Not sure what color, but they will be beautiful no matter what!!

Sending Love, Hugs and Scritches to the Grandsquabs from

Shi/Squeaks/Dom/Gimie/Woe


----------



## Skyeking (Jan 17, 2003)

Darling grandkids! 

Please post a pic of the parents...I want to see what YOUR Sky*e* looks like?


----------



## wolfwood (Jan 26, 2009)

Treesa, here's a shot of the 2 parents (Skye & Magellan), then 2 of just Skye with the last being a close-up of her wing feathers. She really is such a pretty bird and ALL muscle!! Magellan must have thought so too 'cuz he claimed her at first sight. It really was pretty funny. She's 8y/o and he's less than (or maybe just) a year old now. He took possession of her but, at the time, had no clue what to do with her (he was ~6mo old). He just knew she was his!! Poor Calypso, who we rescued with Skye, was even younger than Magellan and was just 'odd bird out' for awhile. Magellan spent alot of energy impressing HIS ownership of Skye on Calypso (who couldn't have cared less!). Skye spent quite some time with a look on her face like "KIDS!!! Geeeeesh!!!" (of course, Calypso ended up with 2 women AND the 1st GrandSquab....sometimes, justice is just so cruel... )


----------



## Ed (Sep 18, 2008)

I think the babies will be the same color as Skye


----------



## wolfwood (Jan 26, 2009)

And here they are - all grown up (at 27 days old)...

*Azore*














*Orion* (with Mom)

*The family portrait*


----------



## Charis (Feb 11, 2007)

They are just gorgeous.


----------



## wolfwood (Jan 26, 2009)

Thanks, Charis! We are just thrilled that they look like mom. I may end up switching which foot Azore wears her band on tho' (snap bands). As an adult, it's gonna be tough to tell her & her mom apart. Fortunately, Orion's head is darker. Of course, that could all change after their 1st molt ....


----------



## Lovebirds (Sep 6, 2002)

Pretty! Grizzles are some of my favorites.


----------



## TAWhatley (Mar 6, 2001)

WOW! Very, very handsome babies and adults! You've got some beauties there, Wolfwood!

Terry


----------



## RodSD (Oct 24, 2008)

Nice family portrait. Love that grizzling effect.


----------



## wolfwood (Jan 26, 2009)

I guess Magellan knew what he was doing when he claimed her!!

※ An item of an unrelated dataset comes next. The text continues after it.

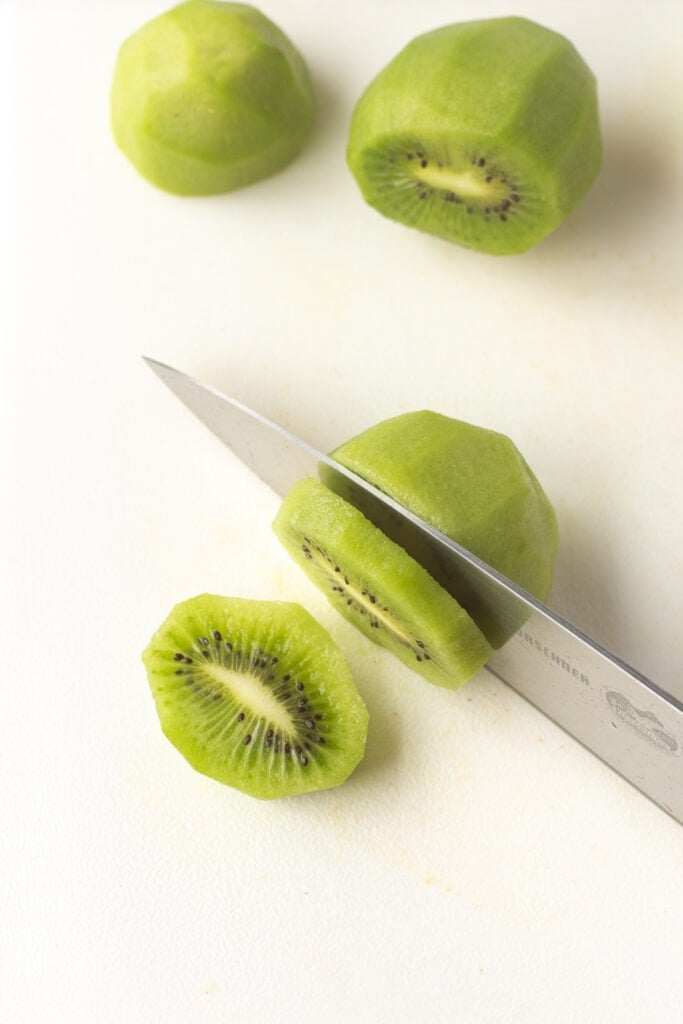 Slicing the kiwi into ¼ inch slices on a white cutting board with a large knife.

btw, these guys were our 1st breeding pair and, in fact, he (Magellan) was the one that started this whole thing....


----------



## Lovebirds (Sep 6, 2002)

wolfwood said:


> I guess Magellan knew what he was doing when he claimed her!!
> 
> btw, these guys were are 1st breeding pair and, in fact, he (Magellan) was the one that started this whole thing....


GOOD for MAGELLAN!!


----------



## g0ldenb0y55 (Dec 23, 2008)

Beautiful birds!


----------